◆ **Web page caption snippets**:
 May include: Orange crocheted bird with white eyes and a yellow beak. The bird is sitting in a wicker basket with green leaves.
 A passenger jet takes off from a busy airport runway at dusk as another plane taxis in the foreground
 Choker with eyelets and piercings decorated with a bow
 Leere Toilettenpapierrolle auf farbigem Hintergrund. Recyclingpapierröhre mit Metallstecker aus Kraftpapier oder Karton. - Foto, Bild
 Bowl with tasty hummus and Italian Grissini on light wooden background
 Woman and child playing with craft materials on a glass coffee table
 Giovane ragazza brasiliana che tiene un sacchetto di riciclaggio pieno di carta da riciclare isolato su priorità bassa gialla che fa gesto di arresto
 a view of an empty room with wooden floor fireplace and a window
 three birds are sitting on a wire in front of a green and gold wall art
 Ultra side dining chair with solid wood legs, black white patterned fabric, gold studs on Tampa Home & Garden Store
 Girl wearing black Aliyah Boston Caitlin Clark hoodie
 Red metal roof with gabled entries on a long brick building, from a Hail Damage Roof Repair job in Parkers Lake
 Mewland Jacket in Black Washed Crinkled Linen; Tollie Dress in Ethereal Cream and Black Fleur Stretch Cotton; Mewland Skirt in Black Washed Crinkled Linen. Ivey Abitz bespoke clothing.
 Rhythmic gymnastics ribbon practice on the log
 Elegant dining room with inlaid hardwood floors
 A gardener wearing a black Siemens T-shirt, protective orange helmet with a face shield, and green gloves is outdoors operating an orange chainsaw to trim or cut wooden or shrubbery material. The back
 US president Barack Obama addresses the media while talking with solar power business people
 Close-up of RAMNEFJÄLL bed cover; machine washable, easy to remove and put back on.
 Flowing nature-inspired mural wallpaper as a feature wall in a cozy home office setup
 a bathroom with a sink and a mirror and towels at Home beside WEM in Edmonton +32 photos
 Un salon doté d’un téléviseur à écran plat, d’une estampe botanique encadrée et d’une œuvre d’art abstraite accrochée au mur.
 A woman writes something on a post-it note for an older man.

◆ **TASK GOAL**: Going back to the entries above, set down exactly the lines that begin at the one with "Mewland Jacket in" and end at the one with "A gardener wearing", both included, and nothing else.

◆ **YOUR RESPONSE**:
 Mewland Jacket in Black Washed Crinkled Linen; Tollie Dress in Ethereal Cream and Black Fleur Stretch Cotton; Mewland Skirt in Black Washed Crinkled Linen. Ivey Abitz bespoke clothing.
 Rhythmic gymnastics ribbon practice on the log
 Elegant dining room with inlaid hardwood floors
 A gardener wearing a black Siemens T-shirt, protective orange helmet with a face shield, and green gloves is outdoors operating an orange chainsaw to trim or cut wooden or shrubbery material. The back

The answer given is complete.